Wednesday, Turner met for the first time since the vote with the fire union.
The rare open negotiation between the two sides was a spectacle to watch, seen live by hundreds on the city's Facebook page and the city's various media outlets. The two sides sat across an unreasonably large conference table, flanked by city staff members, communication staff for the mayor, city council members and media members.
Marty Lancton, president of the Houston Professional Fire Fighters Association, had offered to re-open negotiations with the city after the vote. Lancton said he believes the union can reach a deal through negotiations that would spare the city from layoffs.
In his weekly news conference, Turner, at least partially, blamed the media for not accurately informing the public about the effects of Prop B and it's cost.
"Facts do matter," Turner said.
He went on to say that people are approaching him on the street to say they didn't fully understand the vote.
In the meeting with firefighters, Turner suggested spreading out the cost of Prop B, a suggestion Lancton brought up weeks before the vote. Turner said the alternative was mass layoffs.
"If we move forward as it currently stands, then there's no way you can avoid massive reductions in city services," Mayor Turner said.
The mayor stressed the only way to reduce costs would be to reduce personnel.
Following the meeting, Lancton, alongside senior counsel, expressed the need to know specifics before agreeing to any negotiations the mayor proposed.
"Until they bring specifics, it's impossible to take information back to 4,000 firefighters and have an intelligent discussion about what the options are," Lancton said.

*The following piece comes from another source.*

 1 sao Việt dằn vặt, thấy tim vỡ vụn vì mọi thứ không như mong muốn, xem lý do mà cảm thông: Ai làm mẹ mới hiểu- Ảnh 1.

The fire union filed a claim in court before the meeting, asking a court to compel the city to give them a date for when Prop B would be implemented. Turner said that was in bad faith if the union really wanted to sit down and work something out.

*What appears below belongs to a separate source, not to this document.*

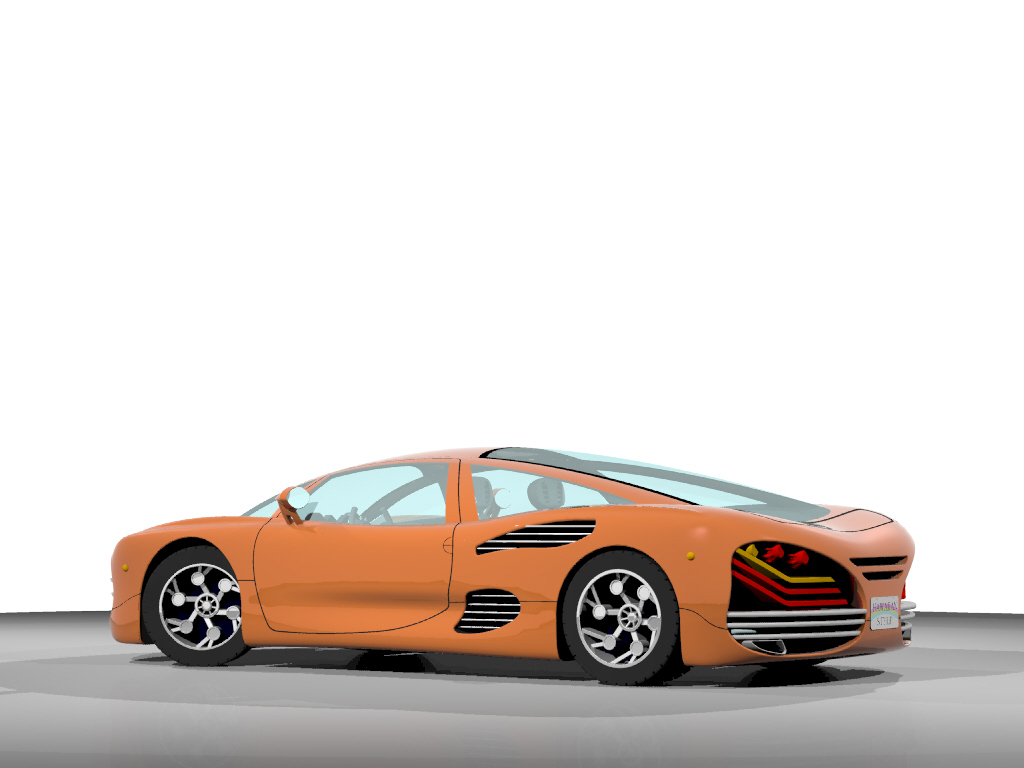 car design></div>
<div style=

But the ideas on what to do next were few and far between on either side. The meeting ending with no tangible answer on how the city would move forward.
Turner fought forcefully against the charter amendment and warned that the measure was too expensive. He claimed it would result in nearly 1,000 layoffs starting Jan. 1. City documents, prepared for town hall meetings led by the mayor, indicated more than 900 firefighters could lose their jobs.
The city's finance director, Tantri Emo, told a council committee on Sept. 4 that 931 firefighters would be fired.
Turner brought it up at every city council meeting and held more than a dozen meetings across the city to warn voters.
He spent millions of his own campaign dollars to pay for television ads for the same purpose.
"If you don't help me," Turner said to the union, "Let the chips fall where they may."